Machine Learning interviews often span from conceptual understanding to hands-on coding implementations. Whether you’re just starting out or already working in data science, having a strong command of ML fundamentals, algorithms, and practical applications is key to cracking your next interview.
In this blog post, I’ll walk you through 18 essential ML questions — divided into easy, medium, hard, and practical code-based categories, complete with code snippets, visual intuition, and real-world applications.
Easy Level Questions
1. What is the Bias-Variance Tradeoff in data Science?
In supervised learning, the bias-variance tradeoff is the tension between two types of errors:
- Bias: Assumptions made by the model to simplify the learning process. High bias can cause underfitting.
- Variance: Sensitivity to fluctuations in training data. High variance can lead to overfitting.
A model with low bias and low variance is ideal, but in reality, improving one often worsens the other.
Example:
- High Bias: Linear regression on non-linear data
- High Variance: Deep decision tree on small dataset
Visualization:
Model Complexity | Bias | Variance | Total Error |
---|---|---|---|
Low | High | Low | High |
Medium | Medium | Medium | Low |
High | Low | High | High |
Takeaway: Choose algorithms and hyperparameters that balance both.
2. Difference Between Parametric and Non-Parametric Models
Aspect | Parametric Models | Non-Parametric Models |
---|---|---|
Assumption | Predefined form (e.g., linear) | No fixed structure |
Parameters | Fixed number (e.g., weights) | Grows with data |
Flexibility | Less flexible | Highly flexible |
Interpretability | Easy to interpret | Hard to interpret |
Examples | Linear Regression, Logistic Reg. | KNN, Decision Trees, SVM |
Use Case:
- Use parametric when data is small, noise-free, and assumptions hold.
- Use non-parametric when data is large or complex.
3. What is the Central Limit Theorem (CLT)?
The Central Limit Theorem states that the sampling distribution of the sample mean of a large enough number of independent samples approaches a normal distribution, regardless of the shape of the original distribution.
Why it matters:
CLT justifies using normality-based statistical tests (like z-tests, t-tests) even if the data isn’t normally distributed.
Real-World Use:
- Quality control in manufacturing
- A/B testing in marketing
4. What is Cross-Validation?
Cross-validation is a resampling technique used to evaluate machine learning models on a limited dataset.
K-Fold Cross Validation:
- Divide dataset into
k
parts (folds) - Train on
k-1
, test on 1 - Repeat for each fold
- Average results
Why use it?
- Helps prevent overfitting
- Gives more stable estimate of model performance
Code (Sklearn):
from sklearn.model_selection import cross_val_score
from sklearn.linear_model import LogisticRegression
from sklearn.datasets import load_iris
X, y = load_iris(return_X_y=True)
model = LogisticRegression()
scores = cross_val_score(model, X, y, cv=5)

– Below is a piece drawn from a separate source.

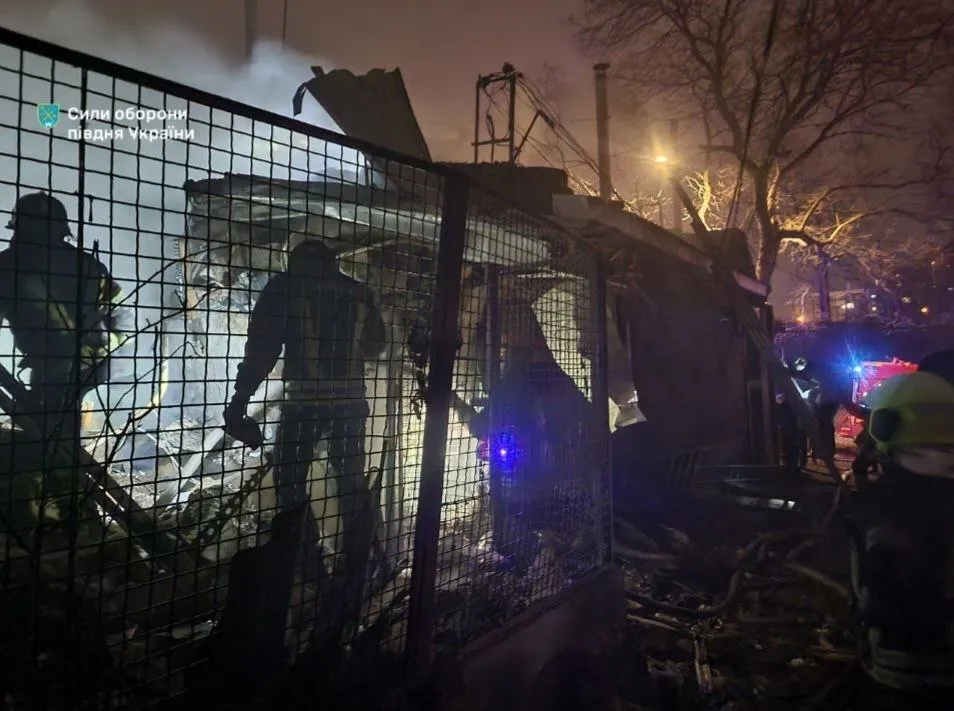Вспыхнул пожар, есть жертва и раненые: в ВСУ рассказали детали атаки РФ на юг Украины. Фото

print("Accuracy: ", scores.mean())
Medium Level Questions
5. What is a p-value?
A p-value is the probability that the observed result occurred by chance, assuming the null hypothesis is true.
- p < 0.05: Statistically significant (reject null hypothesis)
- p > 0.05: Not statistically significant
Use Case in ML:
In feature selection (e.g., backward elimination), features with high p-values can be dropped.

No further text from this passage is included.